In mean, for each mutated gene, 78% of the TB variants were found in ctDNA (median 81%, range, 0-100%). When looking at the most recurrently mutated genes (in more than 8% of the patients, or top-20 recurrently mutated genes in this cohort), the percentage of TB variants found in ctDNA was always greater than 50% (mean 81%, range, 50-100%) (Figure 1B). Within this list of recurrently mutated genes, BCL7A had the lowest similarity level. Furthermore, the incidence of top-20 mutations was fully comparable between tumor biopsy and ctDNA (Fisher’s test: P>0.3) (as shown in the co-oncoplot, Online Supplementary Figure S1C).

Figure 1.

Detection of tumor mutations in cell-free tumoral DNA. (A) Correlation between variant allele fraction (VAF) as assessed in cell-free tumoral DNA (ctDNA) sequencing or genomic DNA sequencing extracted from tumor biopsy (TB), and (B) level of similarity within most recurrently mutated genes, calculated for each gene as the percentage of TB variants found in ctDNA.

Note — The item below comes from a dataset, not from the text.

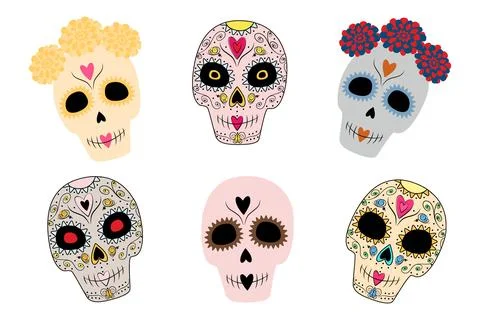 Set of 6 abstract patterned sugar skulls in trendy hues. Day of the Dead. Dia de Stock Illustration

In order to further validate ctDNA sequencing as a good alternative to tumor biopsy sequencing, we assessed, within the 53 patients, the κ coefficient of concordance between the two techniques and the sensitivity/specificity (per gene) of variants detection in ctDNA, taking the tumor sequencing as reference. For this analysis, 308 variants (241 present in both compartments, 59 in tumor biopsy only, 8 in ctDNA only) were considered. As defined by the Landis-Koch[8] scale, the concordance was excellent or good in 30 of 34 mutated genes (88%), medium/weak in two (6%) genes (XPO1-E571K and BCL2) and bad in two genes being mutated only once (PRDM1, SF3B1), potentially explaining this result (Table 1). The mean and median sensitivity of ctDNA detection per gene was 83% and 84% respectively (range, 33-100%), and specificity 99% and 100% (range, 98-100%) (Table2). The sensitivity of ctDNA detection reported here is in line or even slightly better compared to the literature data published so far,[10,11] reporting on smaller cohort of patients at time of diagnosis.[11]

Table 1.

Concordance between tumor biopsy and cell-free tumoral DNA variants detection per gene.

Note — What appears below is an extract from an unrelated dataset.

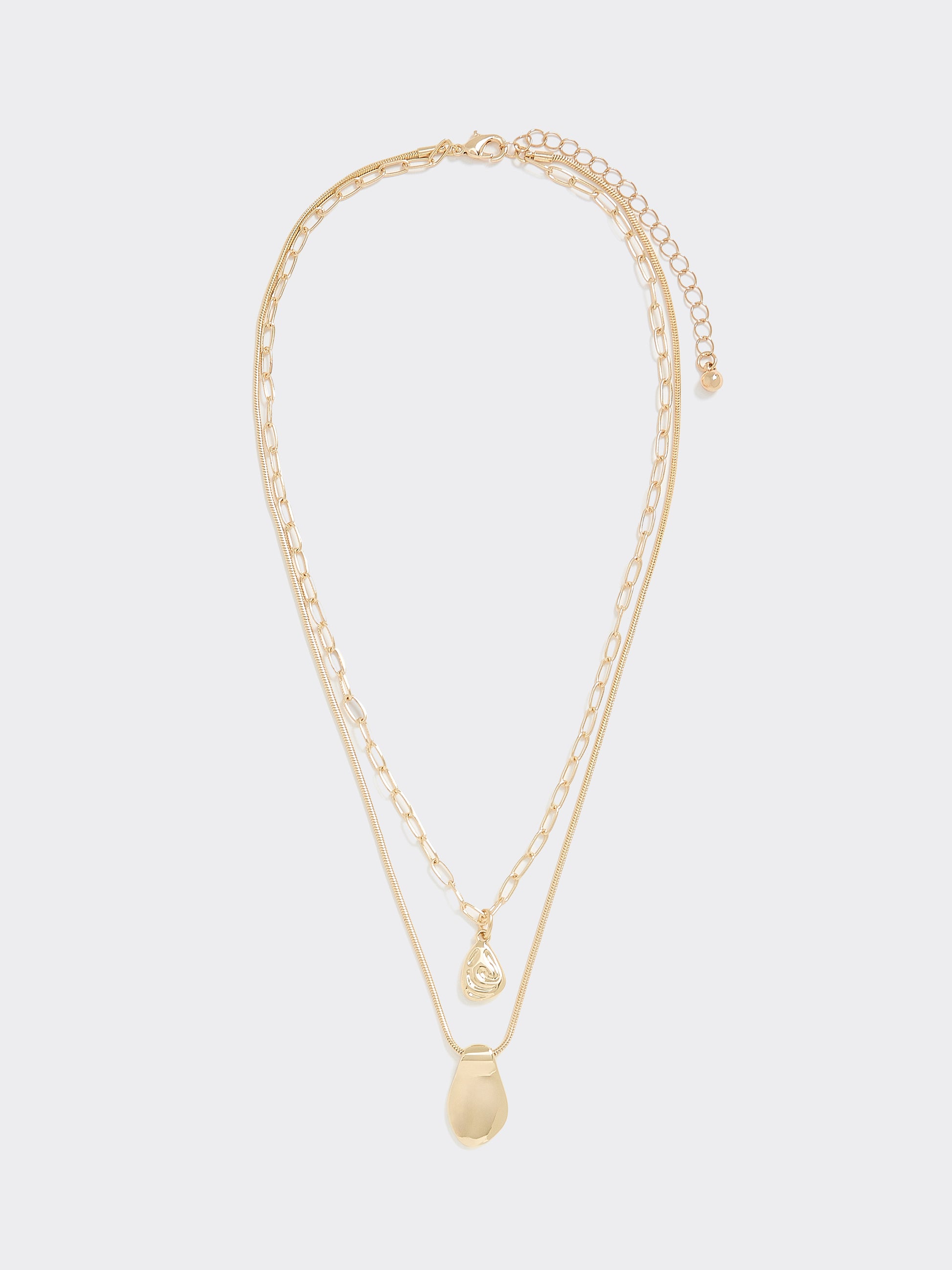 Double-Chain Short Necklace with Organic Pendant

Finally, in this real-life cohort, 18% of patients with a molecular alteration could be molecularly oriented for a targeted treatment.[5] This is in line with other studies in solid tumors,[4] suggesting that molecular orientation remains a work in progress and is highly dependent on availability of clinical trials at time of inclusion. Our analysis has some limitations, including the time difference between tissue and plasma collection, and receipt of intervening treatment for some patients, even though these two parameters were not correlated with the ability to detect ctDNA mutations.

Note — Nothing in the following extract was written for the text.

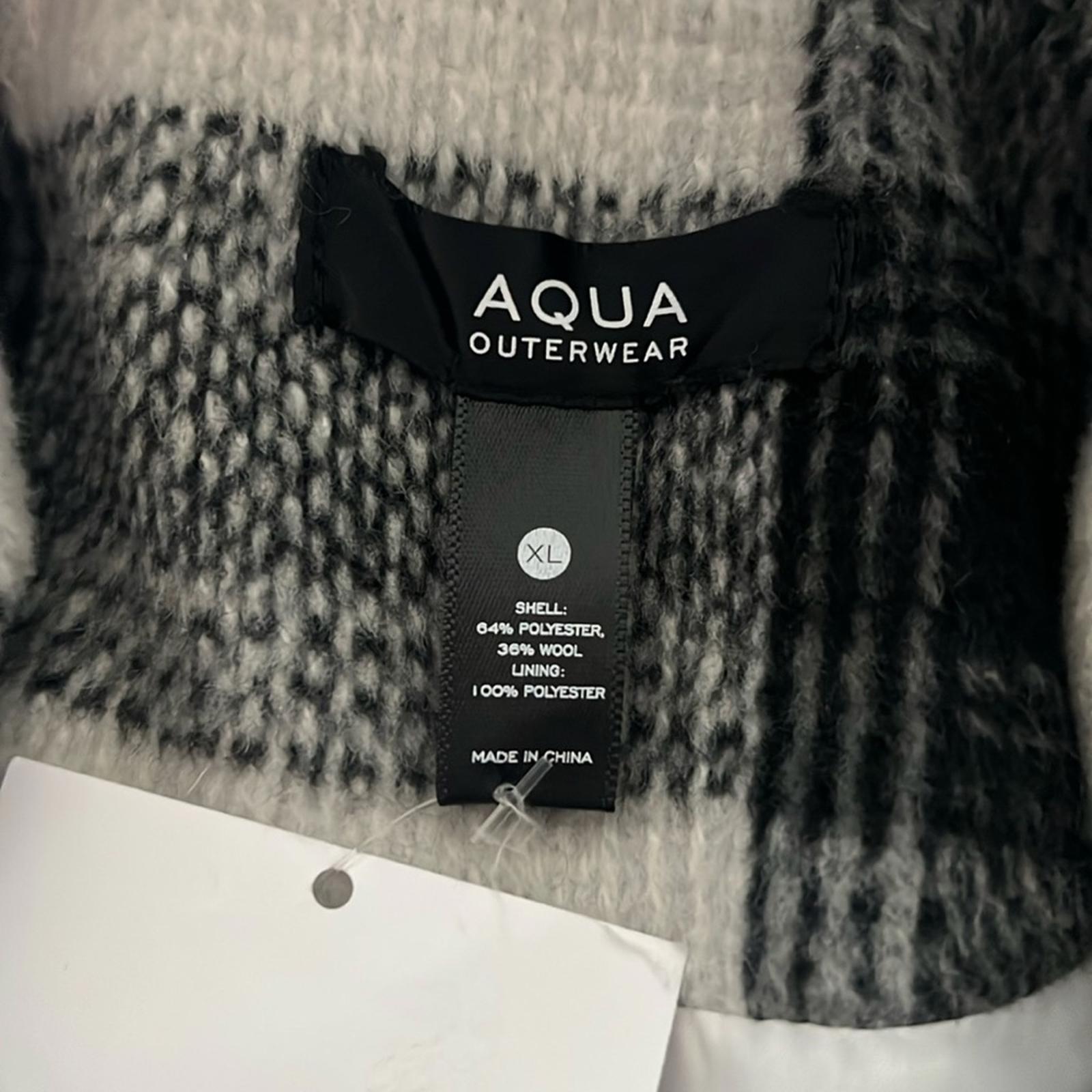 AQUA Scarf Collar Coat in Black/White, Size XL NEW w/Tag Retail $178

In conclusion, our study shows that using a targeted panel to characterize the potential oncogenic driver in rrDLBCL for a molecularly-oriented treatment, ctDNA-based sequencing could identify 80% of the tumor variants, with a high sensitivity and an excellent-to-good κ coefficient of concordance per gene. Importantly, the number of lines of previous therapy as well as the number of days between tumor biopsy and ctDNA sampling had no impact on the level of similarity between the two techniques, whereas the VAF or tumor bulk were associated with a greater similarity, by patient. All in all, this technology seems appropriate in routine to screen rrDLBCL patients for inclusion in clinical trials with a molecular orientation process.

Table 2.

Sensitivity and specificity assessment per gene.